平成21年度石綿(アスベスト)ばく露作業による労災認定等事業場の公表
平成21年度に石綿(アスベスト)ばく露作業による労災認定を受けた労働者が所属していた事業場について、名称、所在地、作業状況などの情報を取りまとめたものが、厚生労働省から公表されました。 こちら
アスベスト問題は聞いたことがあるけど、なぜ問題で、企業名まで公表しなければならないのか?と思っている方もいるかと思います。
●そもそもアスベストとは何か?
アスベストは漢字で「石綿」(せきめん、いしわた)と呼ばれ、自然界に存在する鉱物繊維です。
1970年から1990年にかけて大量に輸入され、その多くは建材として建築物に使用され、その他、科学プラント設備用のシール材、摩擦材等の工業製品等に使用されました。

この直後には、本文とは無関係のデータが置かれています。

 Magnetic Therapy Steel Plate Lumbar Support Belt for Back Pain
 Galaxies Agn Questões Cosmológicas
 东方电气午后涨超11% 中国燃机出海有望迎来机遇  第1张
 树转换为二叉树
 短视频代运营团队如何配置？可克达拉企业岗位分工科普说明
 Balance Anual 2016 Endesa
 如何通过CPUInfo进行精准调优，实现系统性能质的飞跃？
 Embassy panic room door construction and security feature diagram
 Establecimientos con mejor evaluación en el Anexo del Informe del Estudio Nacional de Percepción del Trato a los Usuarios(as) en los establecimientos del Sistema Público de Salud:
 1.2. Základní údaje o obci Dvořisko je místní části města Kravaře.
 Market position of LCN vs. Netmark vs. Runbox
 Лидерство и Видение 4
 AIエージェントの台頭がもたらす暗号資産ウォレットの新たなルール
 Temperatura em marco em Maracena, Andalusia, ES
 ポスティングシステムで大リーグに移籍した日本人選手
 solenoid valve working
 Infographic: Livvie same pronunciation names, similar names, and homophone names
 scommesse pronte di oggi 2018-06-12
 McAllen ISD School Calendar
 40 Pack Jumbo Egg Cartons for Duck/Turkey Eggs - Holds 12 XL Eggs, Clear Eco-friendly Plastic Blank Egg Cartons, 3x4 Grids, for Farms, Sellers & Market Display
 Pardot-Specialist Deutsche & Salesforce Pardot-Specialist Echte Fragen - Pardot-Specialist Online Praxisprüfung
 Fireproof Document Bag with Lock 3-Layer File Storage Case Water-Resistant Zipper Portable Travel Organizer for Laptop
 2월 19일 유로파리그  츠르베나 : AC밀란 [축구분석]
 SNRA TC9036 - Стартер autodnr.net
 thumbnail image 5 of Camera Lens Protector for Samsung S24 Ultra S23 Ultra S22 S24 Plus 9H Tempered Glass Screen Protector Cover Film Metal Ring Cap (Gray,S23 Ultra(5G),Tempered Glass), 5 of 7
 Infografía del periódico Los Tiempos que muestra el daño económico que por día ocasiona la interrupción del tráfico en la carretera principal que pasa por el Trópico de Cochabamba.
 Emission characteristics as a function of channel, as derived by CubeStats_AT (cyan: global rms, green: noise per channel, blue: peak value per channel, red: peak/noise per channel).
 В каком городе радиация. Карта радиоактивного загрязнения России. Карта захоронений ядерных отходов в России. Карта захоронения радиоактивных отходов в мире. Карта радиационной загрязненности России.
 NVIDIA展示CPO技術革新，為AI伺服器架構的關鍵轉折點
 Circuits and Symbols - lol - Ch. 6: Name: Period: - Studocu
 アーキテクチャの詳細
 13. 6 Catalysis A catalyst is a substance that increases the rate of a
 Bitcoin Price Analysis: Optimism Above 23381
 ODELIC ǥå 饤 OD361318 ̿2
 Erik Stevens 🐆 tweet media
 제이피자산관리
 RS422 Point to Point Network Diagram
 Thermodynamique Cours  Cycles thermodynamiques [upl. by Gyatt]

現在はアスベスト製品の使用等は原則禁止されていますが、過去にアスベスト製品を使用した建築物の解体等が増加すると見込まれています。
●アスベストの有害性
アスベストは粉砕した時に縦に裂けて、次々に非常に細い繊維になります。
それを吸い込むことで、主に次のような健康障害が発生する恐れがあります。
○石綿肺
じん肺の一種で、アスベスト粉じんを吸入することで起こる肺線維症。
咳などの症状があり、重症化すると呼吸機能が低下することがあります。
○肺がん
喫煙はアスベストによる肺がん発症リスクを極めて高くすると言われています。
○悪性中皮腫
肺を取り囲む胸膜や、腹部臓器を囲む腹膜等にできる悪性の腫瘍。
○良性石綿胸水
アスベストばく露によって生じる胸膜炎。
○びまん性胸膜肥厚
臓側胸膜の病名で、壁側胸膜との癒着を伴う胸膜肥厚。
このようにアスベストは様々な健康障害を引き起こす可能性があります。
アスベストは怖い物質なんです。
ただ、アスベストが大量に使用されていた当時は、その危険性について一般的に認識されていませんでした。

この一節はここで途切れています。